Understand the writer’s bias.  For example, if you’ve been reading my stuff you know that I tend towards libertarian conservatism.  It helps to know who the authors previously worked for or are related to.  Chris Cuomo from CNN is the brother of NY Governor Andrew Cuomo and son of Mario Cuomo.  That’s a good place to start.  And sure enough, you’ll discover he is a New York liberal who sees everything through that lens.  Sean Hannity is obviously biased heavily towards the right.  If Trump says “we need to stop the Mexicans”, Cuomo is going to read that in the worst possible light while Hannity gives Trump the benefit of the doubt.   The best way to combat this is to use multiple sources and check them against each other.

Understand the business.  Let’s go back to the Trump “Mexicans” example.  There may be nuance in that statement.  But nuance doesn’t sell news.  Flashy headlines and shock drive the industry.  So when Trump talks about illegal immigrants, no one wants to take the time to try to figure out if he’s talking about gang members, if he has a slight personal bias against Hispanics, or what his statement was actually all about.  The important thing for the media is getting a headline that people will read.  The partisan sides can do with it what they will.

From time to time you’ll see what I like to call a “false quotable”.  It’s a misstated fact, bad statistic, or urban legend sort of quote that takes on a life of it’s own.  A good example was Sarah Palin’s “I can see Russia from my house” quote.  Except, she never said that.  It was a line by Tina Fey on Saturday Night Live impersonating Palin.  But the idea that Palin herself said that persisted in the media.  Another good one is Trump calling Mexicans murderers and rapists.  At the time, he was talking about MS-13 gang members.  But the quote took on a life of it’s own and there are still people who insist that Trump thinks all Mexicans are murderers and rapists.

Lastly, it’s important to understand how narrative works.  Narrative is like an assembly line.  It makes for efficient story writing and disseminating of the news without much worry about content.  If it is commonly accepted for instance, that Saddam Hussein has weapons of mass destruction, then articles can be written about various instances in accordance with that narrative without having to do the hard work of fact checking.  Trump Russia collusion was a good example of this.  Once the narrative was established, no one seemed to care things happened like Comey said Trump wasn’t a target of the investigation.  Instead, the only stories that were made a focus were ones that fit the narrative.  It took Trump firing Comey and saying that one of the reasons was Comey’s failure to counter the narrative to get any media outlets to even talk about that.
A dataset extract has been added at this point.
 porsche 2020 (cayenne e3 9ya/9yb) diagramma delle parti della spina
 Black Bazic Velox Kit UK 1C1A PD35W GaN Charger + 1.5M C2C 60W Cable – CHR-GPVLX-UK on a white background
The use of narrative to avoid the hard work of journalism is difficult for the reader to compensate for.  Multiple sources will often run the exact same story even down to the headline rather than balancing one another.  A great recent example was Fox News and CNN both saying that the White House wouldn’t deny the existence of a tape of Trump using a racist slur.  Of course, Trump had already denied it, but that didn’t stop all of the media outlets from persisting with the false narrative based on a false quotable.  To combat a false narrative, the reader needs to go to the source video or documents themselves and do the hard work.  At Political Brief, sometimes we have to go back and listen to several minutes of video to get the context and figure out what truly happened.

It’s sad that the media is so careless and sometimes intentionally biased.  But a reader armed with skepticism and the desire to find the truth can combat this and discover reality.